# Equity in Home before Marriage and then purchased a home during marriage



## jskingvt (7 mo ago)

Does anyone understand rolling equity into home purchased before marriage and how to deduct that from the current home purchased during marriage? I have about 80,000 in case in this house that was profit from previous houses. Also, I have not yet looked up my bank account balances before the day of marriage, but my understanding is this is my money which was much higher than paying for everything leaving little 
discretionary income since marriage.


----------



## Married but Happy (Aug 13, 2013)

Since you bought a new house together (are you both on the deed and mortgage?), you've mingled funds so they are no longer "yours." Same with bank accounts if you made them joint accounts or set up a new one together.
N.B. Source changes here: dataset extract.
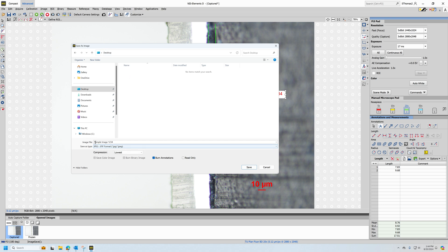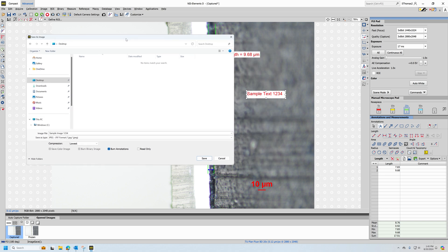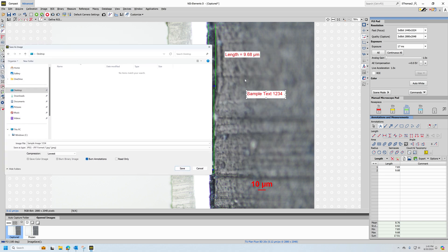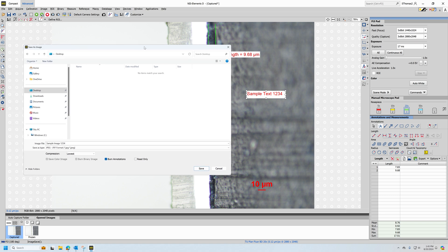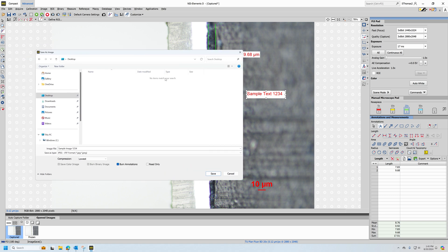I've got my location, my name, my format, perhaps leaving the compression at the lowest amount. Make sure that burn annotations is selected, so that way when the image is saved, all of my measurements and any text and my scale bar, all of that digital overlay will be saved with the image. Then I can hit save.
Some states may have different laws, so you'd need a lawyer (or do research specific to your state) to see if you still have sole rights to any of that money. However, unless you are planning to divorce, it doesn't really matter now.


----------



## EleGirl (Dec 3, 2011)

You will need to talk to your attorney. If you have very good records that show that the funds came from before married her, you might be able to get them classified as your sole and separate property. Then the 2 of you would split the rest of the equity 50/50.


----------



## jskingvt (7 mo ago)

I think it is pretty odlbvious as I took a second mortgage just for down payment and then paid it off when the home sold. I have every transaction through every account, credit card, etc. Itemized for many years before the marriage. Also email correspondence on the home sales and purchases. I have an accounting degree and write financial software for a living.


----------



## EleGirl (Dec 3, 2011)

jskingvt said:


> I think it is pretty odlbvious as I took a second mortgage just for down payment and then paid it off when the home sold. I have every transaction through every account, credit card, etc. Itemized for many years before the marriage. Also email correspondence on the home sales and purchases. I have an accounting degree and write financial software for a living.


Hopefully your attorney can help you keep your initial invest.


----------